While on the topic of geographic location, let's use the continent categorization of data to see if there really are differences in literacy by continent. Once again, we will make use of the box and whisker plots to see the distribution of literacy rates for each continent.
# Boxplot showing the distribution of adult literacy rates by continent
fig1, ax1 = plt.subplots()
arr = []
ax1.set_title('Distribution of Adult Literacy Rates by Continent')
continents = adult['CC'].unique()
continents = [x for x in continents if str(x) != 'nan']
for continent in continents:
temp = adult[adult.CC == continent]
arr.append(temp['Total'])
ax1.boxplot(arr, labels=continents)
plt.show()
# Boxplot showing the distribution of youth literacy rates by continent
fig1, ax1 = plt.subplots()
arr = []
ax1.set_title('Distribution of Youth Literacy Rates by Continent')
continents = youth['CC'].unique()
continents = [x for x in continents if str(x) != 'nan']
for continent in continents:
temp = youth[youth.CC == continent]
arr.append(temp['Youth_Total'])
ax1.boxplot(arr, labels=continents)
plt.show()
We can see that many of the trends we noticed before on the map visualization are true. South America and Europe have the highest literacy rates. Asia and Oceania are generally high with some countries with lower literacy rates. However, Africa has by far the largest range in literacy rates and it's upper and lower quartile ranges are between 50-80%. To me, this indicates that location may have a relationship with literacy.
I want to quickly visualize if the same geographic divides for literacy apply to the genders. For example, will both men and women's literacy be equally low in Africa, or does it impact women more? Will other countries/regions have much worse Female vs Male literacy?
# VISUALIZING GLOBAL LITERACY RATE (ADULT FEMALE)
m = folium.Map(location=[0, 0], zoom_start=2)
folium.Choropleth(
geo_data=country_shapes,
name='choropleth',
data=adult,
columns=['ISO Code', 'Female'],
key_on='feature.id',
fill_color='RdPu',
fill_opacity=0.7,
line_opacity=0.2,
legend_name='Literacy Rate (%)'
).add_to(m)
folium.LayerControl().add_to(m)
m
# VISUALIZING GLOBAL LITERACY RATE (ADULT MALE)
m = folium.Map(location=[0, 0], zoom_start=2)
folium.Choropleth(
geo_data=country_shapes,
name='choropleth',
data=adult,
columns=['ISO Code', 'Male'],
key_on='feature.id',
fill_color='Blues',
fill_opacity=0.7,
line_opacity=0.2,
legend_name='Literacy Rate (%)'
).add_to(m)
folium.LayerControl().add_to(m)
m
Focusing on gender, it appears though both genders have lower literacy in Saharan and Sub-Saharan Africa and South Asia. However, on a whole women have lower literacy and have a new low-literacy region: the Arabian peninsula. These visualizations suggest to me that both gender and region affect literacy and they likely interact together.

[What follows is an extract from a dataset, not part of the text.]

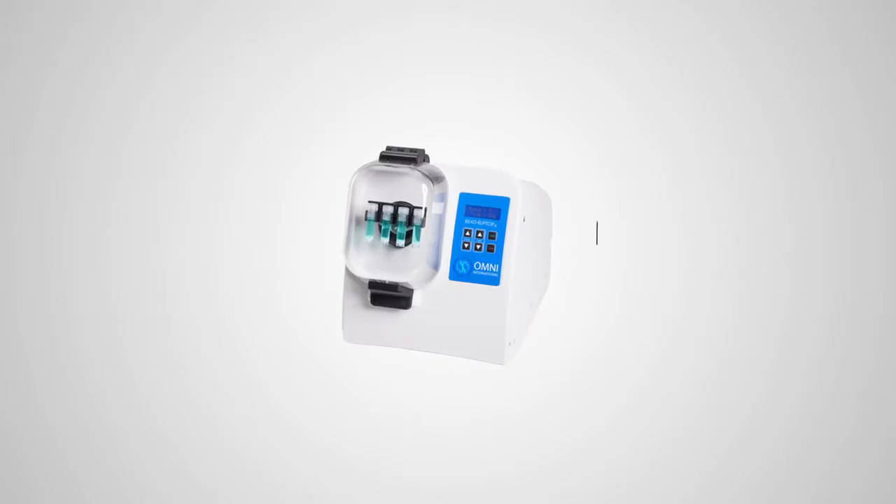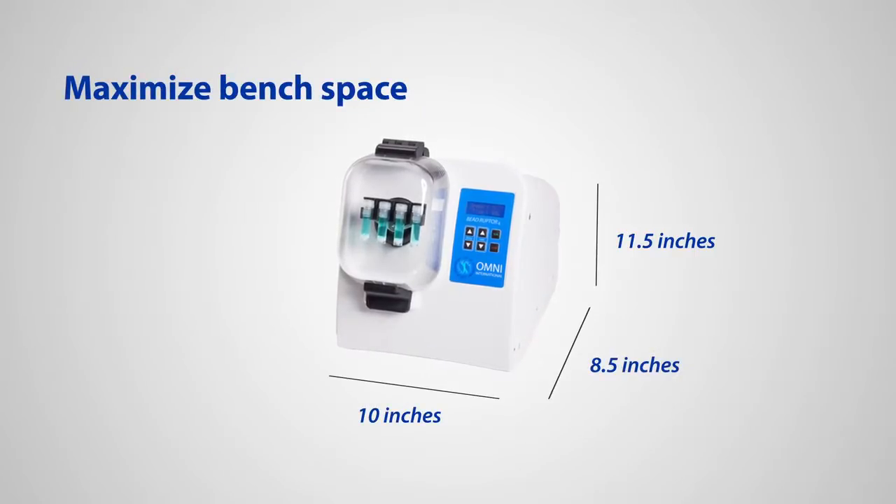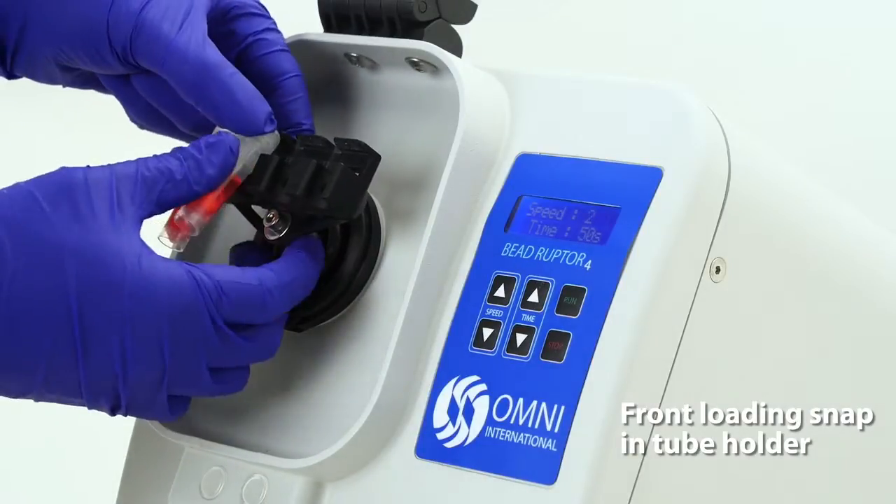The BeadRuptor 4 is designed with a small footprint to maximize bench space. For ease of use, the BeadRuptor 4 has an integrated front-loading snap-in tube holder.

To answer a question raised above about the gaps between men's and women's literacy, we can map the difference between the literacy rates of both populations. For example, it is not fair to fault a country that has 55% female literacy if the men's literacy rate is only 56%. Looking at the differences in literacy might be a more precise way to identify/visualize gender disparities.
# VISUALIZING GLOBAL LITERACY RATE GENDER GAP
# add gap column to the adult dataset for this visualization
adult['gap'] = adult['Male'] - adult['Female']
# map the gap between men's and women's literacy
m = folium.Map(location=[0, 0], zoom_start=2)
folium.Choropleth(
geo_data=country_shapes,
name='choropleth',
data=adult,
columns=['ISO Code', 'gap'],
key_on='feature.id',
fill_color='RdBu',
fill_opacity=0.7,
line_opacity=0.2,
legend_name='Literacy Rate (%)'
).add_to(m)
folium.LayerControl().add_to(m)
m
From this map, we can see that most places have around equal literacy rates for men and women. However, in areas in sub-Saharan Africa and South-West Asia/the Middle East have men with as much as a 34% more literate than women.
My next phase of visualizations/data analysis is understanding whether the literacies of different population groups are correlated. For example, in the visualization directly below we want to see if boy literacy is related to girl literacy and to what extent. We would expect as boy's literacy increases, so would girl's literacy at an equal rate (i.e. a slope of 1 and, in an ideal world, an intercept at the origin). If this is not true, it could reveal gender disparities and we could use the slope to find the ratio of boy's to girl's educational attainment.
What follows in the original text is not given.